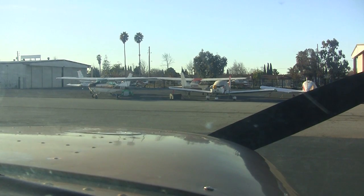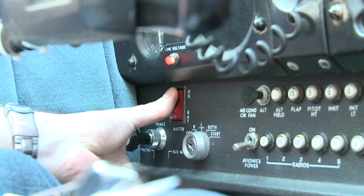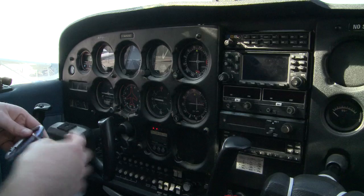I'm going to look out and make sure the prop area looks clear — which it does. Master switch comes on, and we're going to go ahead and start the engine. I'll have my left hand on the key and right hand on the throttle.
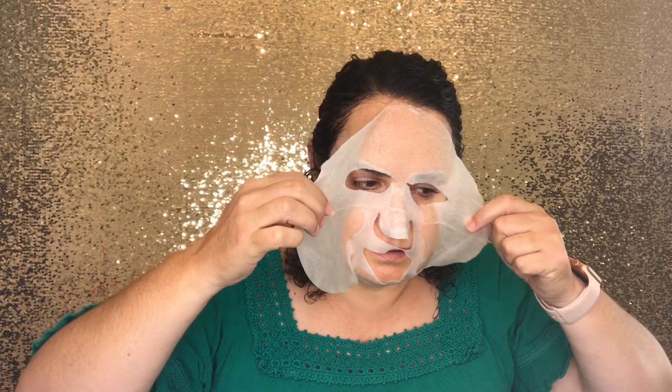It's been 25 minutes. I did notice the edges kind of peeled a little bit — my son wasn't too happy about me helping him pack with this on, said I looked too creepy. I like to put the used mask on my neck to give it a little extra hydration. I found it really, really moisturizing and hydrating. I have pretty sensitive skin and this wasn't irritating at all.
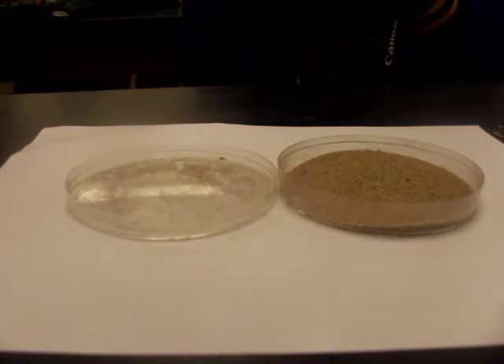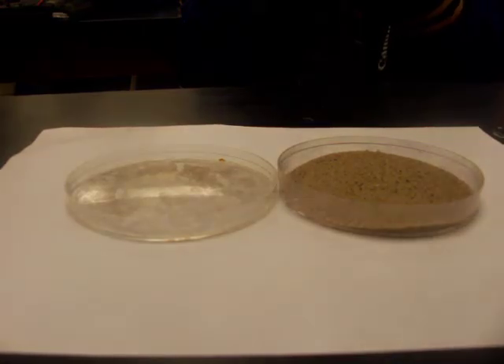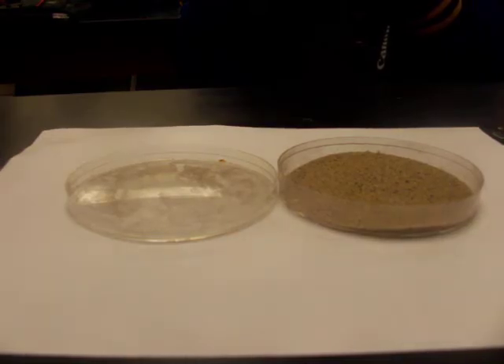Here we have a mixture of iron sand and salt, and we're going to go through a process to separate the three chemicals. The first thing we're going to do is work on separating the iron away from the sand and salt mixture, and to do that we're going to use a magnet.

=====

ABOUT THIS TASK → Everything in the listing except the pictures must be reproduced exactly.

EXPECTED OUTPUT →
I'm going to look out and make sure the prop area looks clear — which it does. Master switch comes on, and we're going to go ahead and start the engine. I'll have my left hand on the key and right hand on the throttle.
It's been 25 minutes. I did notice the edges kind of peeled a little bit — my son wasn't too happy about me helping him pack with this on, said I looked too creepy. I like to put the used mask on my neck to give it a little extra hydration. I found it really, really moisturizing and hydrating. I have pretty sensitive skin and this wasn't irritating at all.
Here we have a mixture of iron sand and salt, and we're going to go through a process to separate the three chemicals. The first thing we're going to do is work on separating the iron away from the sand and salt mixture, and to do that we're going to use a magnet.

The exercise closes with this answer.